> _EXERCISE_
Please, from the entries below, transcribe exactly the lines that begin at the line with "Новое поступление изысканной" and end at the line with "Yuanbaoba-00 stripchat live cam model", without the pictures.

> _DATA TO USE_
▬▬▬▬▬▬

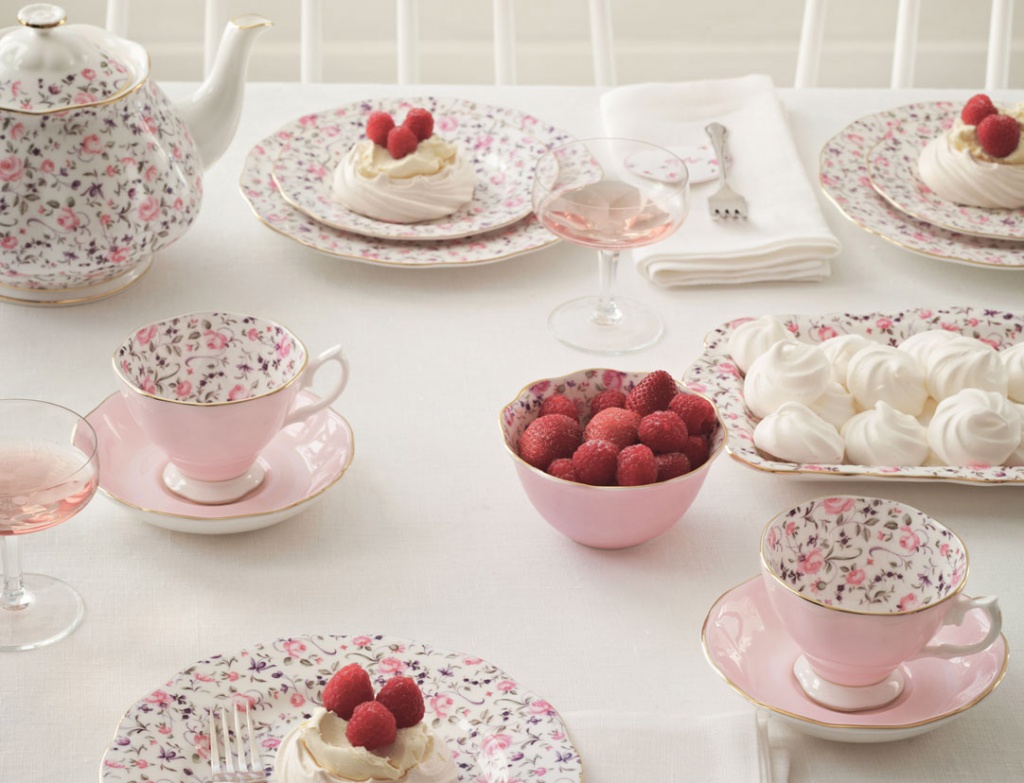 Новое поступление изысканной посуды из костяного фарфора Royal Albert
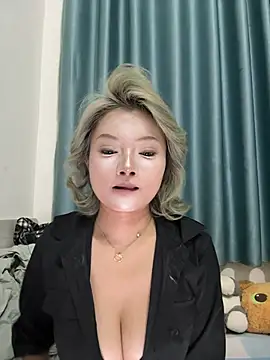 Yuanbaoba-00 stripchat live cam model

▬▬▬▬▬▬

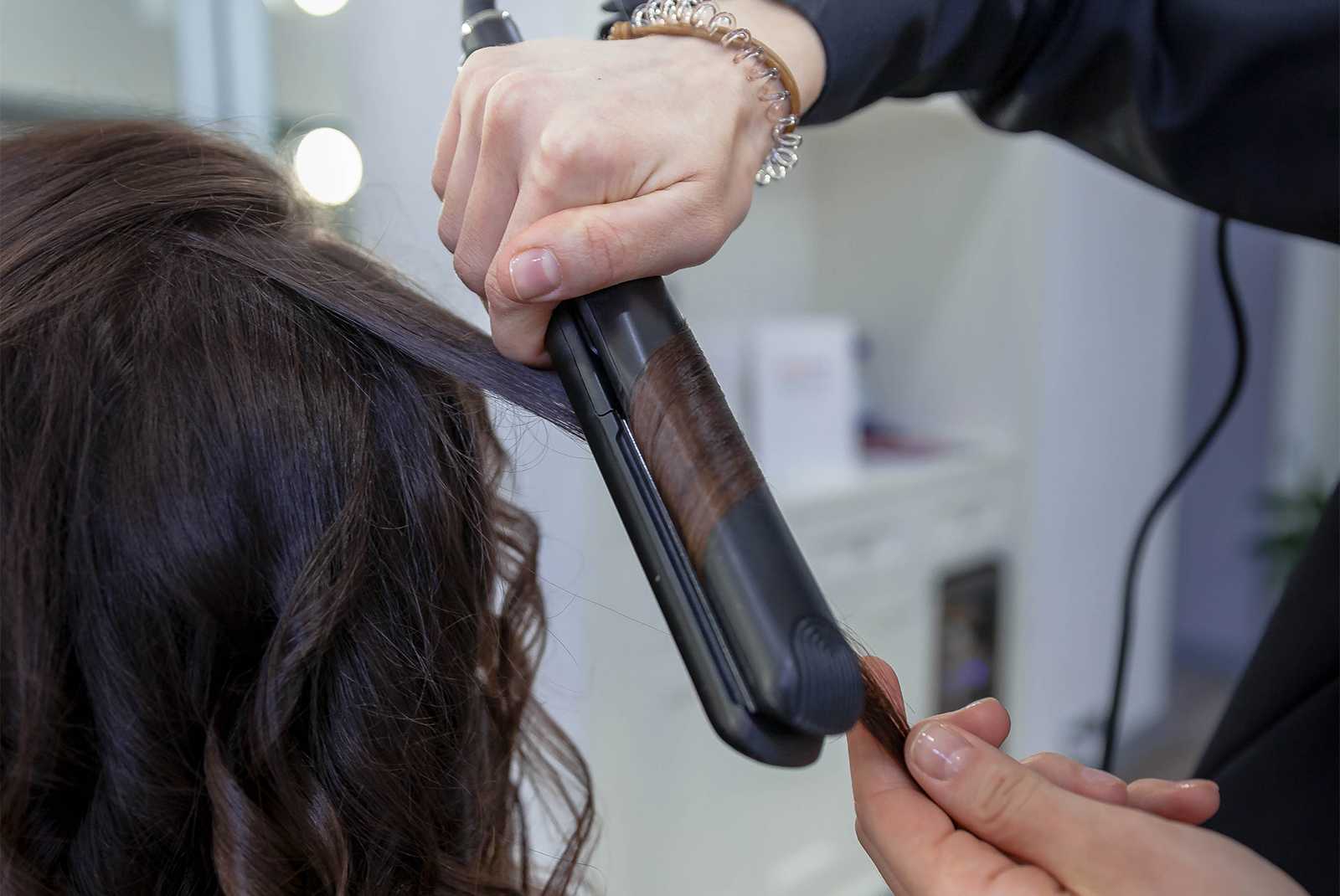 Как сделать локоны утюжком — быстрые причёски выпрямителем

▬▬▬▬▬▬

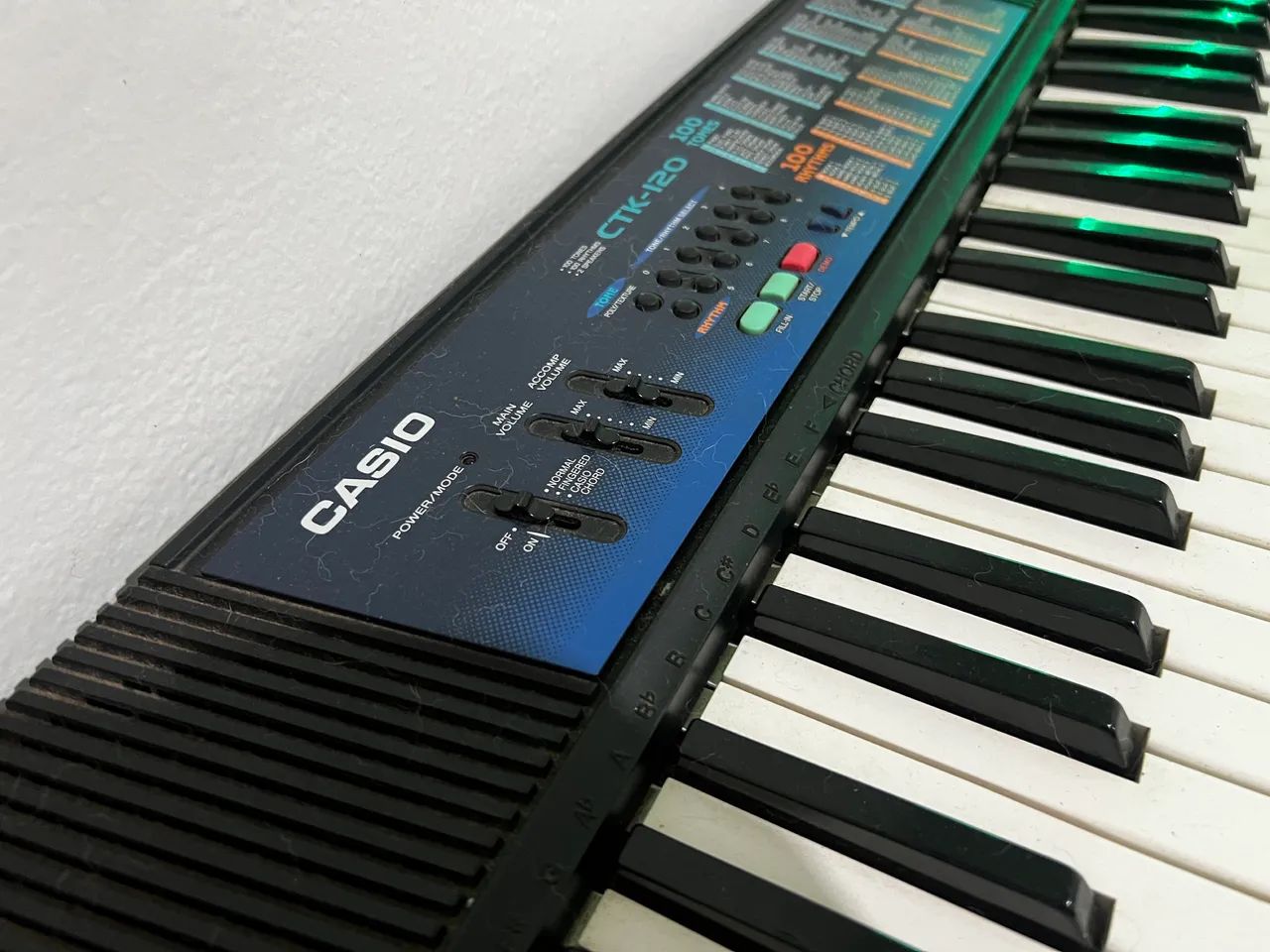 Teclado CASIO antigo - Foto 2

▬▬▬▬▬▬

> _TASK SOLUTION_
 Новое поступление изысканной посуды из костяного фарфора Royal Albert
 Yuanbaoba-00 stripchat live cam model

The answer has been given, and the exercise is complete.